Woods had carded a round of 66 on Saturday, following two rounds of 71, to move into contention.  At the start of play on Sunday, at five under, he was four shots back of the lead trio of Spieth, Xander Schauffle and Kevin Kisner, as +20 mph winds made conditions for golf very difficult, and gave everyone a shot at the title. Woods started with two birdies on the fourth and sixth holes, as his opponents faltered.

On the tenth hole, at seven under, Woods’ name adorned the top of the leader board for the first time at a major tournament on Sunday since the 2011 Masters. For a brief moment, Tiger Woods was at the top of the golf world again. Albeit briefly, as he dropped three shots on the next two holes, and  finished  at five under, tied for sixth, as playing partner, Italian Francesco Molinari played perfectly to have his name etched on the Claret Jug, and nip the four players tied for second by two strokes.

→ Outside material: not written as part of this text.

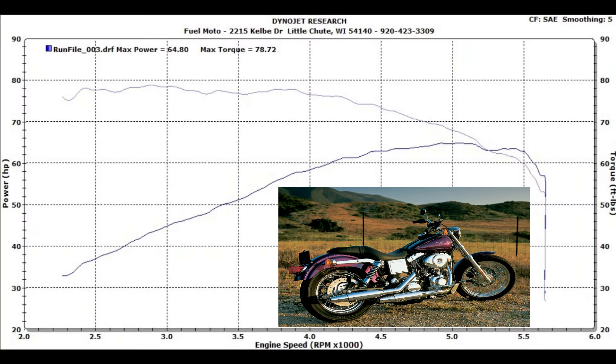First up today is the stock 96-inch motor. This is completely stock — stock exhaust, stock air cleaner. We're producing a max power of about 64.80 horsepower, and max torque comes in at about 78.72 — about what you would expect from a stock 96.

Is Tiger Woods back?  Can the 42 year old Woods, winner of 14 major titles surpass Jack Nicklaus’ total of 18?  The final major of 2018, the PGA begins two weeks tomorrow at the Bellerive Country Club in Missouri, USA?  Will Tiger Woods be contention for his 15th major?

There are still ten Grand Prix races to go.  Who will claim his fifth driver’s championship? Hamilton? Or Vettel?

Mission Impossible opens on Friday, Ethan Hawke, Tom Cruise’s character, and his IMF buddies will most likely save the world from another disaster.  We are waiting for Hamilton and Woods to deliver their impossible feats, once again.